> [What you are asked to do]:
Include no pictures. Output exactly the lines from the one that contains "how to obscure" through the final line of the entries.

> [Provided data]:
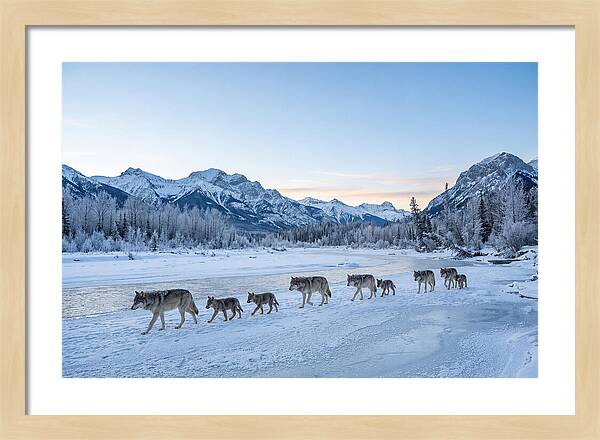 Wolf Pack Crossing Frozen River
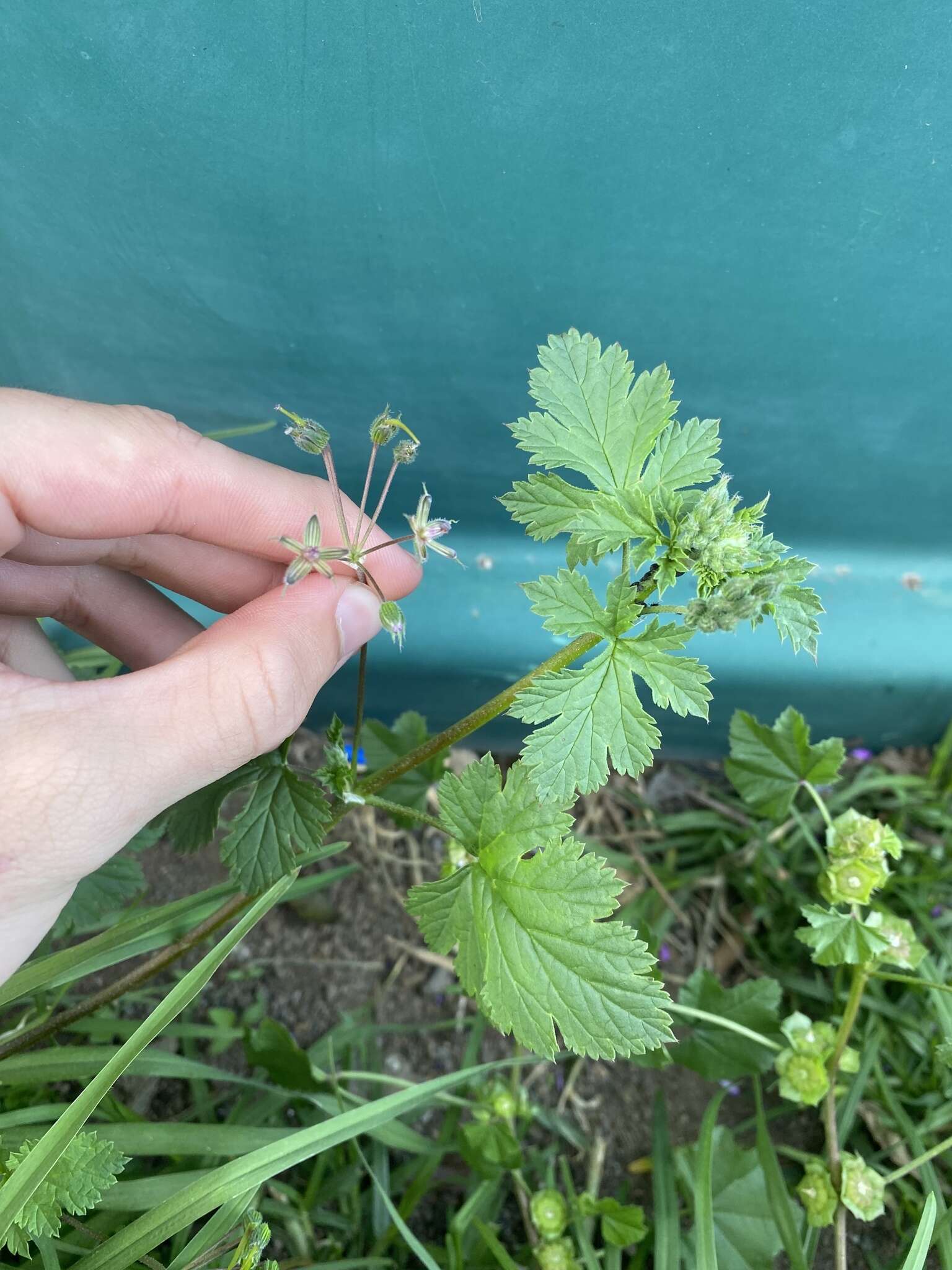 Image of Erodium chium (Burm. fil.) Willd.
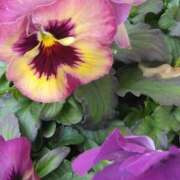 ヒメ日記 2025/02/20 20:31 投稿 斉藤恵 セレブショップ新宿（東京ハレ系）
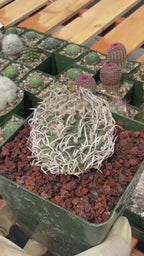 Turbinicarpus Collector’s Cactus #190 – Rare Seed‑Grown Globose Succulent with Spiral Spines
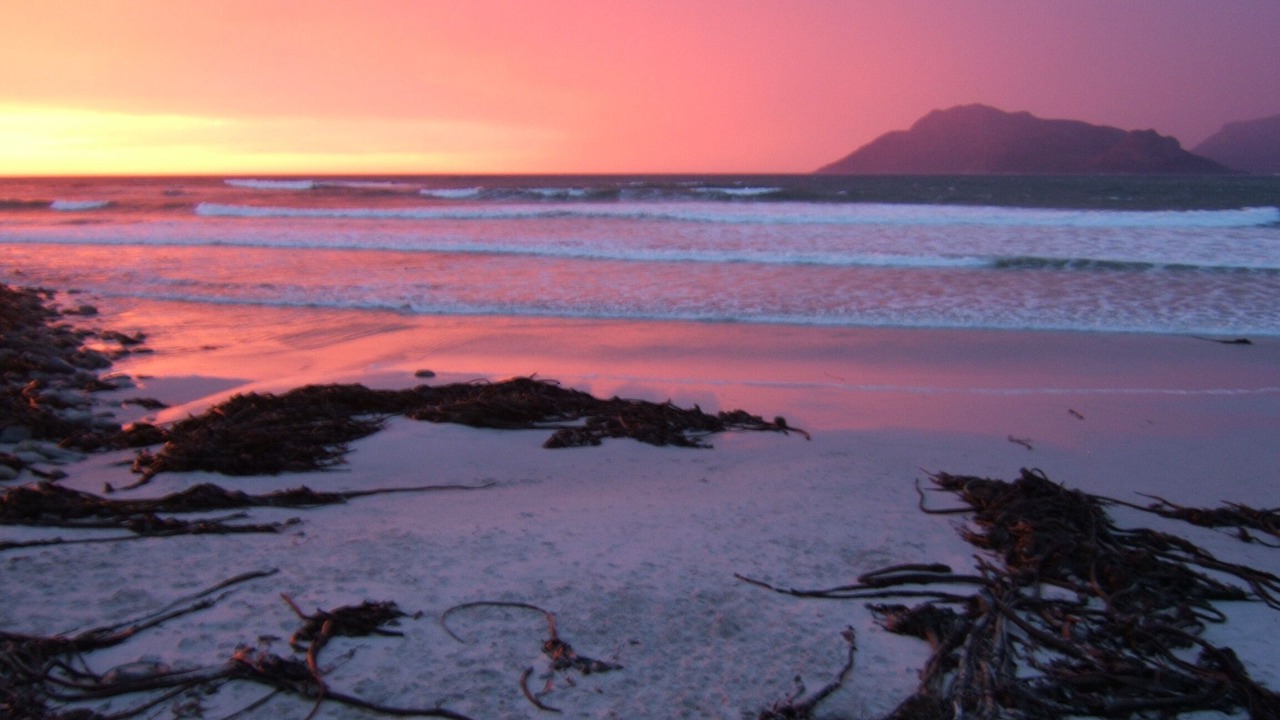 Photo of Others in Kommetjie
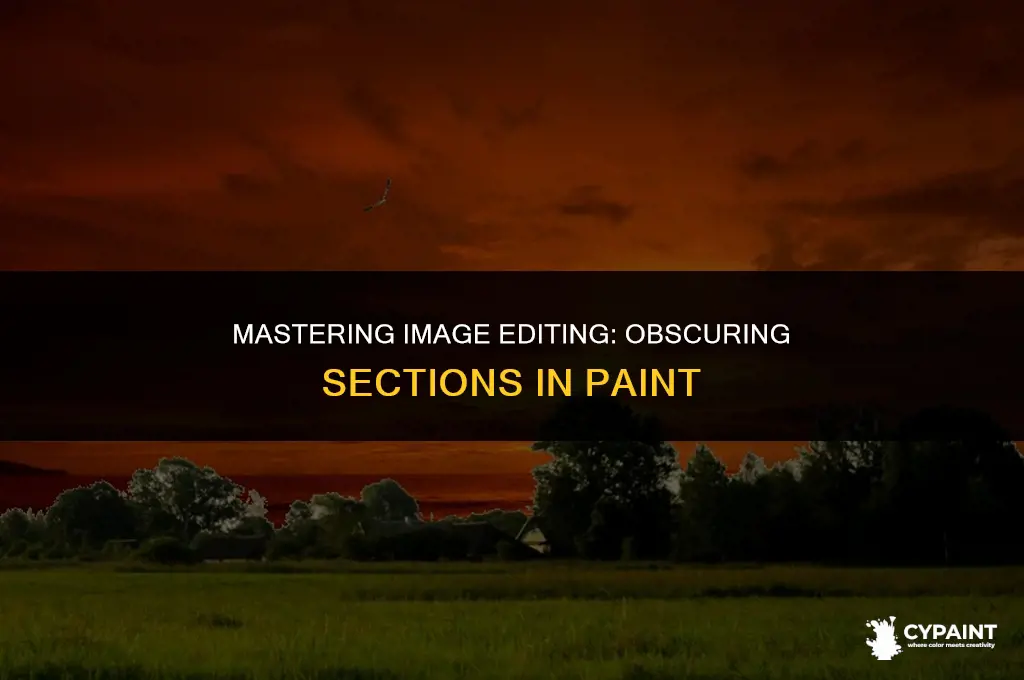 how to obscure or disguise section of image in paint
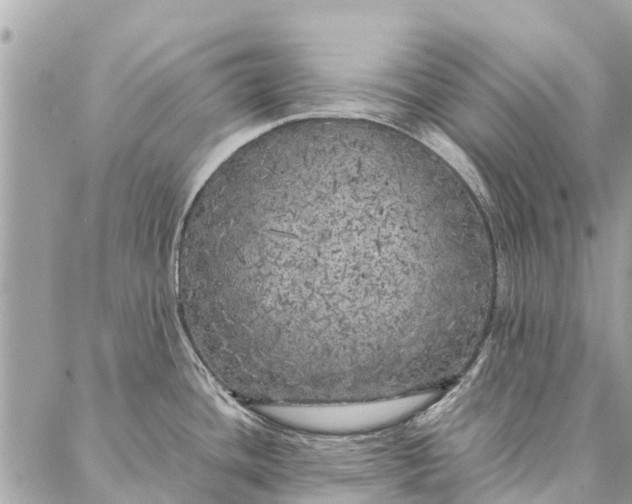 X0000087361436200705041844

> [Answer to the exercise]:
 how to obscure or disguise section of image in paint
 X0000087361436200705041844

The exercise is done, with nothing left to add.